Short Story Collections

Murder Manhattan Style
(Ninth Month Publishing, 2010)

reviewed by Sarah Hilary

Interview with Warren Bull

The Short Review: How long did it take you to write all the stories in your collection?

Warren Bull: The earliest was published in 2004; the latest in 2010.  The time it took to write each story varied from about two weeks (with a deadline looming) to three years. I had the idea for A Lady of Quality long before I had developed my writing skills well enough to pull it off. Fortunately I had the narrator’s voice firmly in my mind. She kept me plugging away until the story was told the way she intended.

TSR: Did you have a collection in mind when you were writing them?

WB: Not at all. It was only after I had them all written that it occurred to me there was a theme worth pursuing. I had a publisher in mind. After she turned me down, I discovered that a long-time writing friend of mine had opened a small press. She accepted the book.

TSR: How did you choose which stories to include and in what order?

WB: The theme that had been sitting quietly, waiting for me to notice it was the number of stories I had set in Manhattan, Kansas and that other Manhattan, back east in New York.
   Manhattan, Kansas was the setting of the late lamented Great Manhattan Mystery Conclave, which was very supportive to my development as a writer. I wrote a story for a short story contest set in pre-Civil War Kansas, got so interested in the family I was writing about that I ended up completing several stories about them. Three begin the book. One year the conclave celebrated the 125th anniversary of Damon Runyon’s birth in Manhattan, Kansas. I wrote three stories about that time period. A friend of mine, Bob Iles, had an ongoing P.I. character who worked in post- World War II Manhattan. With his permission, I borrowed the character’s office for the setting of a short story, which turned out so well that I still read it aloud at signing and conferences. Not to be redundant but I came up with two more tales in that time and place. I had one story set at the conclave itself. Two other contemporary mystery short stories were easy to slide over to Manhattan, Kansas.
   Then I added two more stories from wildly different settings just because I liked them.

TSR: What does the word "story" mean to you?

WB:  People have been asking me that recently. I’ve been trying to come up with the fewest possible elements that make up a story. My current model is: A story needs a story arc, that is, a beginning a middle and an end. It needs at least one compelling character. A final requirement is what Nancy Pickard refers to as an epiphany, i.e., someone needs to change emotionally during the story.
   Of course if that’s all a story has, it may be really weak, but I think it would qualify as a story. Lose any one element and it becomes something less.

TSR: Do you have a reader in mind when you write stories?

WB:  Sometimes. In some stories I write the narrator is talking to a specific person or persons in a particular setting for a definite reason. I do not mention that in the story itself. In other stories the narrator is talking to himself/herself, reliving events. In yet other stories I have no particular reader in mind.

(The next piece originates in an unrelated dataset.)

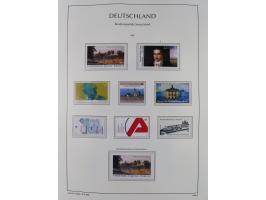 1949/2024, umfangreiche postfrische und zusätzlich teils gestempelte Sammlung in über 100 Vordruckalben und hunderten losen B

TSR: Is there anything you'd like to ask someone who has read your collection, anything at all?

WB: Yes, I would like to know in detail what worked for the reader and what did not work or what was not clear. Since I know the characters so well that I can tell if they have holes in the toes of their stockings, I sometimes forget that others do not have the characters talking to them in their heads as I do.

TSR: How does it feel knowing that people are buying your book?

WB: It feels wonderful, vindicating. Writing is such a slow career that I savor successes when they happen.

TSR: What are you working on now?

WB: I have a couple of novels completed that I haven’t found a home for. I have ideas for short stories floating around in the junk drawer of my unconscious. I look forward to finding out who will pop up and demand my attention next.

TSR: What are the three most recent short story collections you've read?

WB: Most recently I read Gaze by Susan Ferguson, Ninth Month Press, 2010. She is an amazing writer of contemporary fiction, who sweeps you up into her stories and has masterful command of language.
   I recently re-read Guys and Dolls: The Stories of Damon Runyon, edited by Sheldon Abend, Barnes & Noble, 1997. Runyon invented his own subgenre of American fiction. He goes in and out of fashion but he has a unique voice. Besides the musical, there must be half a dozen movies based on his short stories.
   Not long ago I read The Man Who Shot Liberty Valence, a collection of stories by Dorothy M. Johnson, Riverbend Publishing, 2005. She writes so vividly of the time and place  that reading her work you almost taste the dust in your throat and feel the glare of the sun in your eyes. Two iconic Western movies were made from her work.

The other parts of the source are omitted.